▶ **Instructions for the task**
An exact copy is needed of the lines in the entries below from the line with "MENU BOX THAJSK ZELEN KARI" up to and including the line with "WooCommerce Table Rate", and of nothing else. Leave the pictures out.

▶ **Data shown**
-*-*-
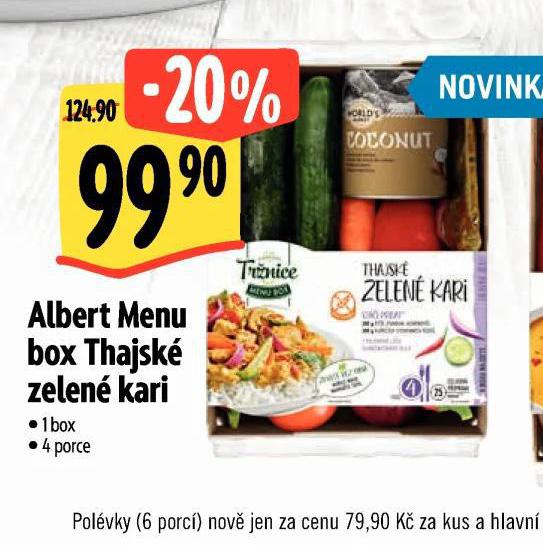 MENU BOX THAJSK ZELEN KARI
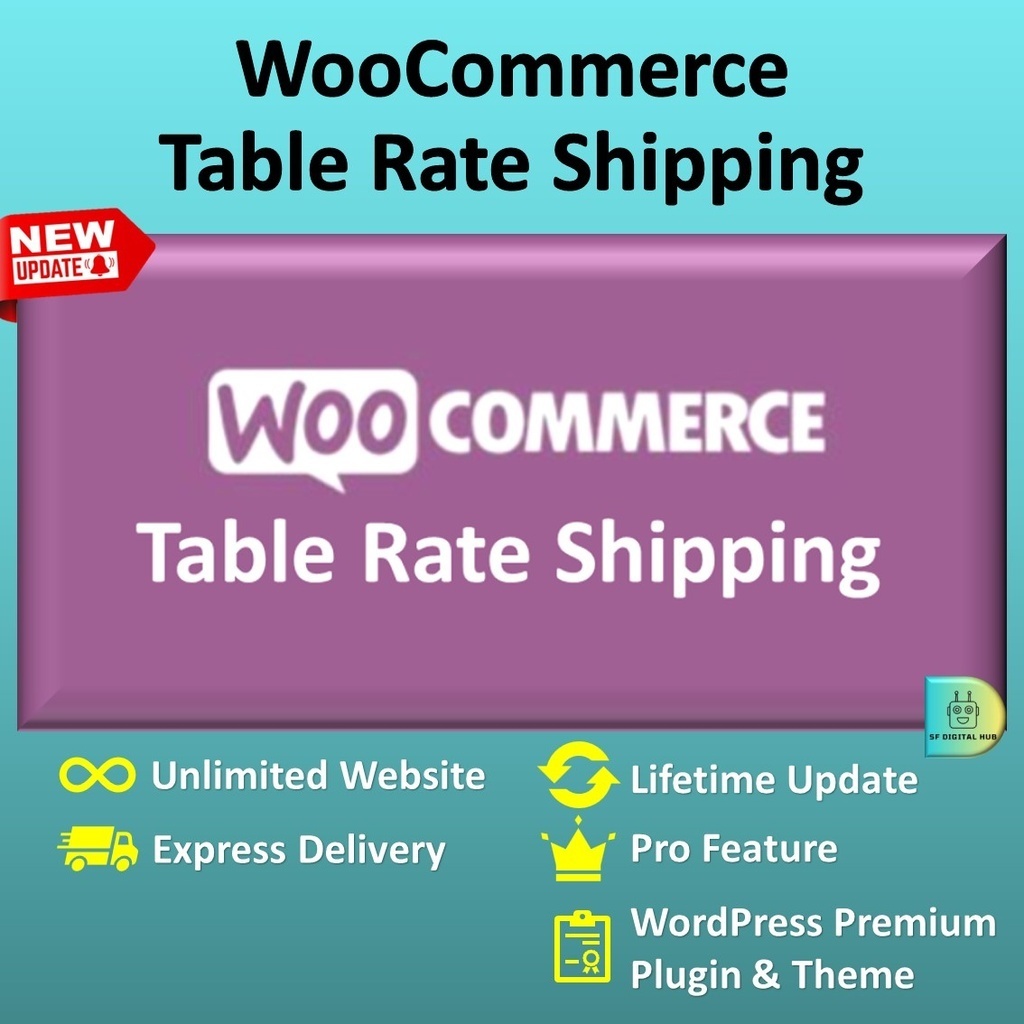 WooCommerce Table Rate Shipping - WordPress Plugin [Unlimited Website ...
-*-*-
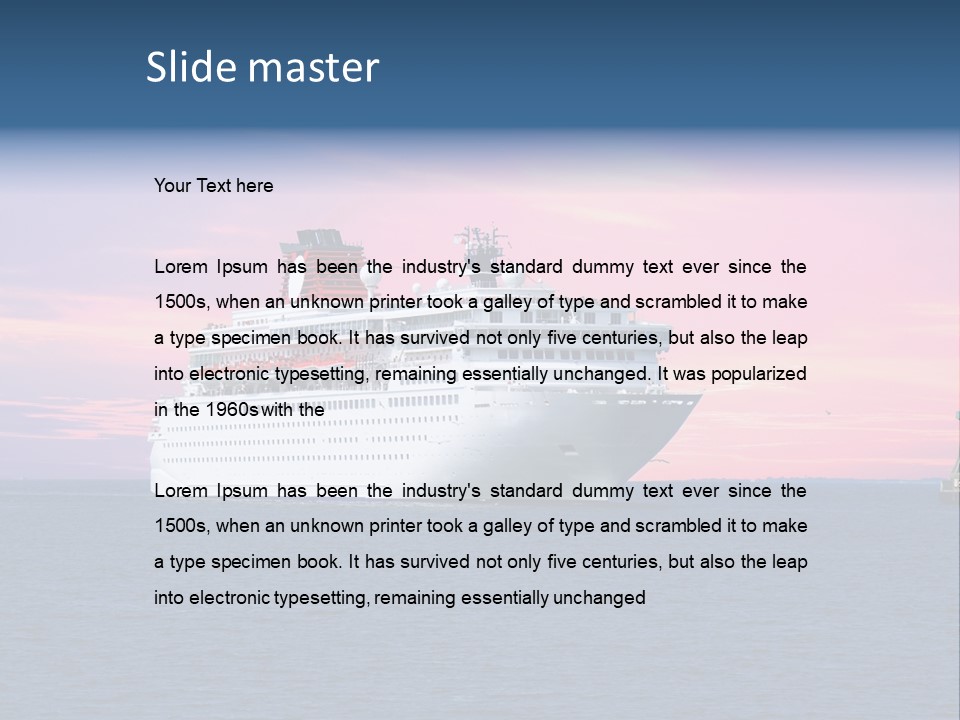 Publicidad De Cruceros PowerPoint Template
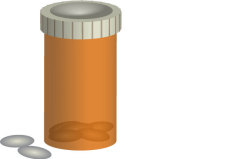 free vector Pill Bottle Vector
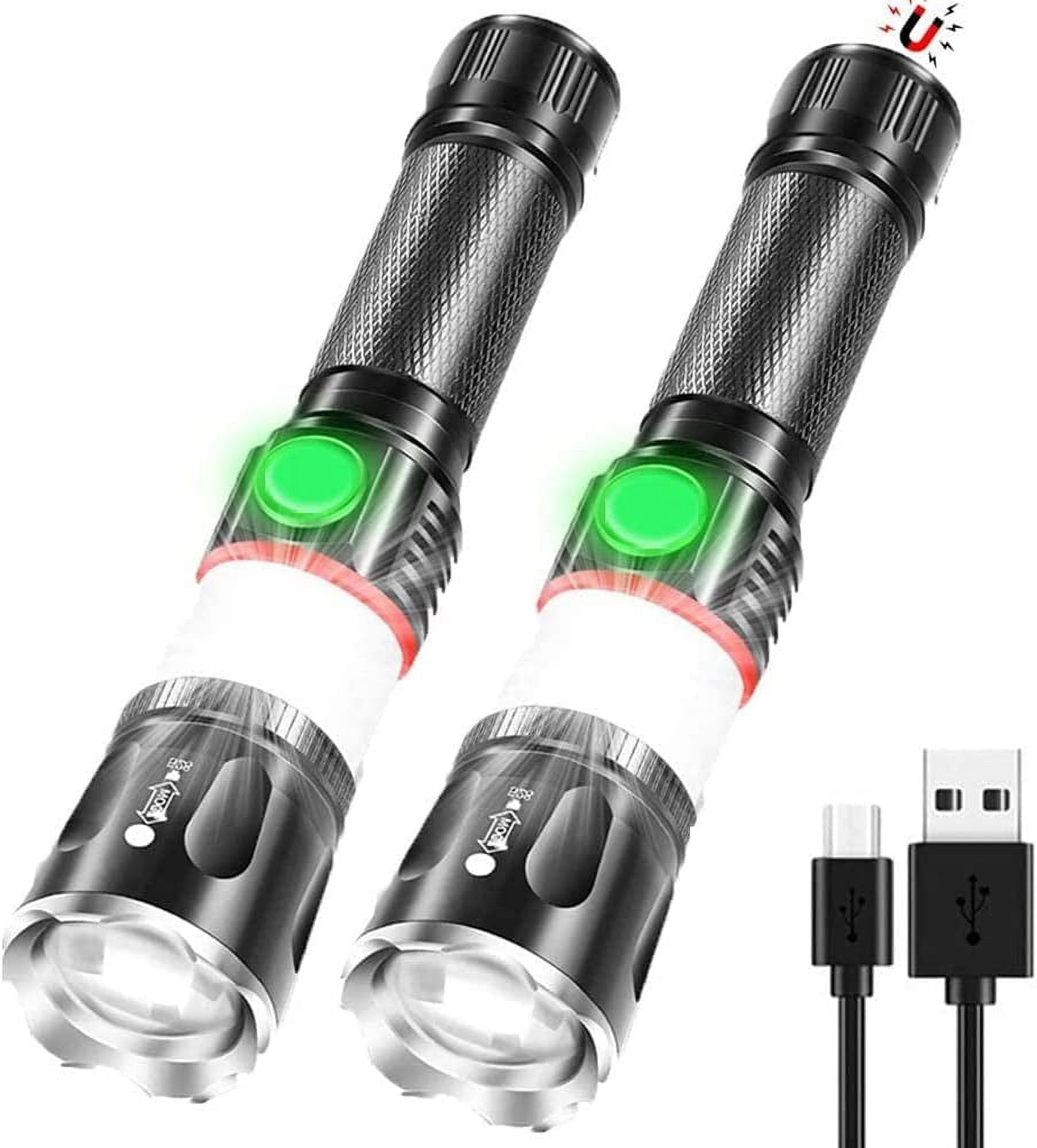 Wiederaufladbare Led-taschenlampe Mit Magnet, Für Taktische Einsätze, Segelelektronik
-*-*-
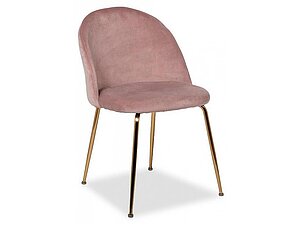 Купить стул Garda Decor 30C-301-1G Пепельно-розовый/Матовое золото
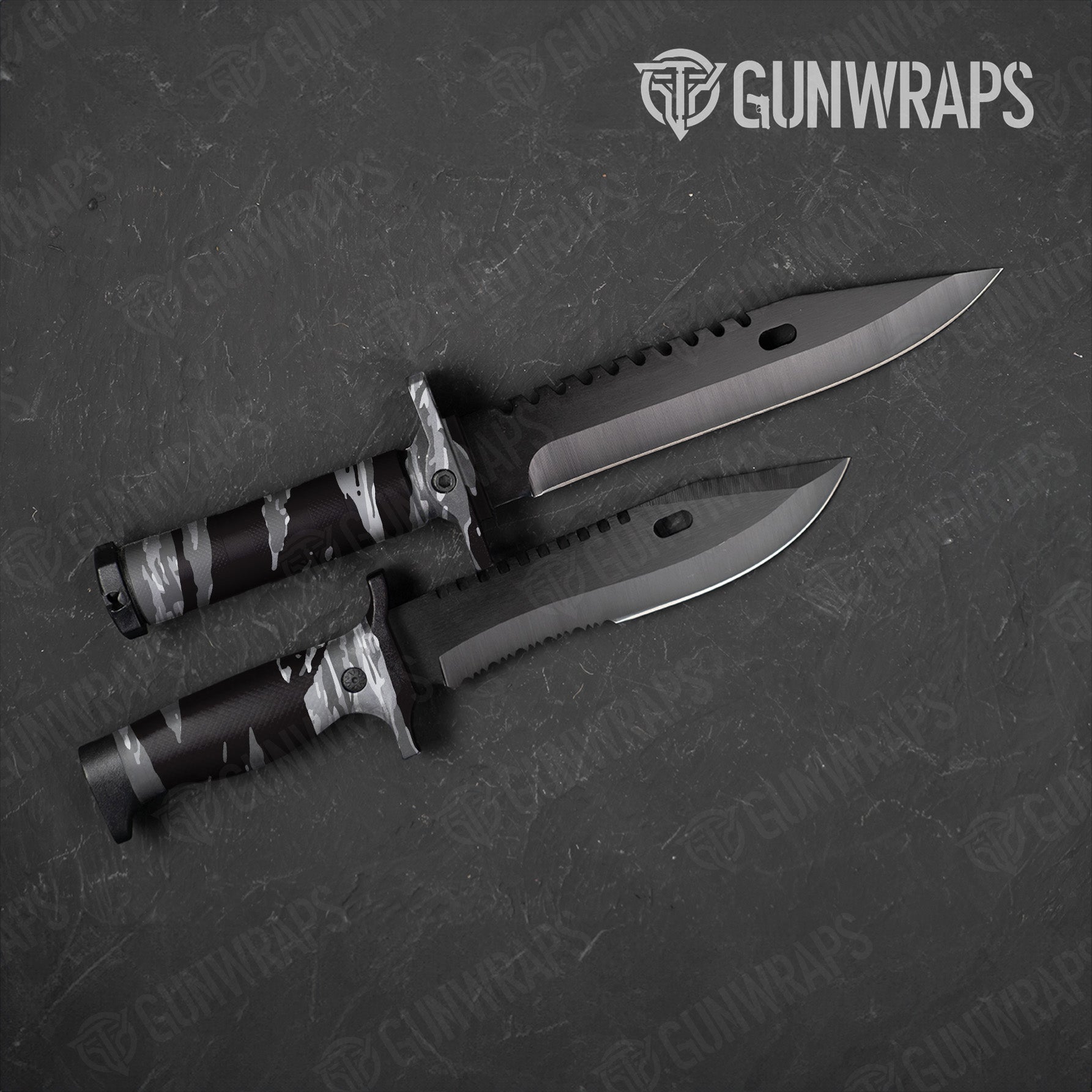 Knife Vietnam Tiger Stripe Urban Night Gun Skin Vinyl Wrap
-*-*-
▶ **Answer to this task**
 MENU BOX THAJSK ZELEN KARI
 WooCommerce Table Rate Shipping - WordPress Plugin [Unlimited Website ...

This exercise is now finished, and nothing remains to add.